■ **WHAT YOU HAVE TO DO**:
The word "sóng" marks the lines to copy; find all of them in the entries below.

###

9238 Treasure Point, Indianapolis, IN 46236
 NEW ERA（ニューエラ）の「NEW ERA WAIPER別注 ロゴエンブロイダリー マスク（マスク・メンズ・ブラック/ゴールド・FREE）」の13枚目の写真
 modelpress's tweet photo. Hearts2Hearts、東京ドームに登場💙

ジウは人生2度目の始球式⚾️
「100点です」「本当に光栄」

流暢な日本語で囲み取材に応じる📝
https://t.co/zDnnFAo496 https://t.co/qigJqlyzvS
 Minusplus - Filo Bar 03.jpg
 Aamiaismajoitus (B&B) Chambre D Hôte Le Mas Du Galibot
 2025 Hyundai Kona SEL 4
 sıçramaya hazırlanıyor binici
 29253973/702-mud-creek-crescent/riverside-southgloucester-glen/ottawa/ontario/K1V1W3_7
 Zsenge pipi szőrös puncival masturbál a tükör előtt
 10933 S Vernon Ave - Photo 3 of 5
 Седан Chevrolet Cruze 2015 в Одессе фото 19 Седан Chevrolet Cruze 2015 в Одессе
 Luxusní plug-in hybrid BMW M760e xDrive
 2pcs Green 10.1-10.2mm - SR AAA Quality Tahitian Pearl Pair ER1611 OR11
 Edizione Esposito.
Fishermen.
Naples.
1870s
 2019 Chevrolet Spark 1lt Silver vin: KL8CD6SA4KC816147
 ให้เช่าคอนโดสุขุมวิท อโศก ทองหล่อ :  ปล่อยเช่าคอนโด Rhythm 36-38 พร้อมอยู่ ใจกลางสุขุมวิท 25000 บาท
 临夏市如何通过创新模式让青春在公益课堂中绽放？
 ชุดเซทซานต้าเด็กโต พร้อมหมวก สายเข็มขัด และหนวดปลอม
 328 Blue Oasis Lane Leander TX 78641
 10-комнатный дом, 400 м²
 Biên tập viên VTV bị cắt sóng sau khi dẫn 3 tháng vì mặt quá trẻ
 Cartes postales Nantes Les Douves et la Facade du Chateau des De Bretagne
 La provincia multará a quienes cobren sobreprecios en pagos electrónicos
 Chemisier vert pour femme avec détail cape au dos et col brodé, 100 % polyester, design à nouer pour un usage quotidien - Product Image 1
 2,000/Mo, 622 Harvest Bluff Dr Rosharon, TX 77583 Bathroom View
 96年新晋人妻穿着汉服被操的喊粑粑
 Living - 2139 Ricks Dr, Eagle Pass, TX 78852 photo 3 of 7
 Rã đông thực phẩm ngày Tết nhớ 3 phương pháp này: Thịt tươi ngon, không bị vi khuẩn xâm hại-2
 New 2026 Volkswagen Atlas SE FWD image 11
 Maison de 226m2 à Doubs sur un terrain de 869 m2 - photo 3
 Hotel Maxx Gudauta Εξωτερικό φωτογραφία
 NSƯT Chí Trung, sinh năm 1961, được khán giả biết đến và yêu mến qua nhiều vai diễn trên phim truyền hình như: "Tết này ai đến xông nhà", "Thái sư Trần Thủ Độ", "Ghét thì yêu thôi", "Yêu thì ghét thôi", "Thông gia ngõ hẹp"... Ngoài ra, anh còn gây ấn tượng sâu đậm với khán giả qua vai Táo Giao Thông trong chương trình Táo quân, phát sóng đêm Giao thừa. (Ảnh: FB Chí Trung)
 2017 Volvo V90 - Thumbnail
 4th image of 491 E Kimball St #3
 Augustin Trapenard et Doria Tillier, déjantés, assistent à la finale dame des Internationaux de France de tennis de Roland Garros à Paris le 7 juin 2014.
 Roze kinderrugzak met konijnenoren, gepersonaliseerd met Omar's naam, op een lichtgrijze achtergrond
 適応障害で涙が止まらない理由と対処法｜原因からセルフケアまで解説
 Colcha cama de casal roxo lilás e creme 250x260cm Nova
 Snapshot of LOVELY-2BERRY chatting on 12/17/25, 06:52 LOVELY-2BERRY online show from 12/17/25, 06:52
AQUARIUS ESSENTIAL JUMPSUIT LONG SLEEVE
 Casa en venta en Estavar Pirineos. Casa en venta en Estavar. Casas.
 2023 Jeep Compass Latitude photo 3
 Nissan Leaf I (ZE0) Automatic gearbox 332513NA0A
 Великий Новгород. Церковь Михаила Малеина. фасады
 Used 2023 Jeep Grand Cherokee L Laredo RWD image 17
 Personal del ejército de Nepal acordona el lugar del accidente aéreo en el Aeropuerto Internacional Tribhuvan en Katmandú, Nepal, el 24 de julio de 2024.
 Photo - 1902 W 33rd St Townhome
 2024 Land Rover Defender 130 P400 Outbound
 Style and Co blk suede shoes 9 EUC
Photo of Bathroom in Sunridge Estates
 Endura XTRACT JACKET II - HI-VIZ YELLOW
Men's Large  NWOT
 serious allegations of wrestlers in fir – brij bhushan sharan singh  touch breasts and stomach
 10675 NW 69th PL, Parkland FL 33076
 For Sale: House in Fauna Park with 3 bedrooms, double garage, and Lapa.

###

■ **RESPONSE BOX**:
 Biên tập viên VTV bị cắt sóng sau khi dẫn 3 tháng vì mặt quá trẻ
 NSƯT Chí Trung, sinh năm 1961, được khán giả biết đến và yêu mến qua nhiều vai diễn trên phim truyền hình như: "Tết này ai đến xông nhà", "Thái sư Trần Thủ Độ", "Ghét thì yêu thôi", "Yêu thì ghét thôi", "Thông gia ngõ hẹp"... Ngoài ra, anh còn gây ấn tượng sâu đậm với khán giả qua vai Táo Giao Thông trong chương trình Táo quân, phát sóng đêm Giao thừa. (Ảnh: FB Chí Trung)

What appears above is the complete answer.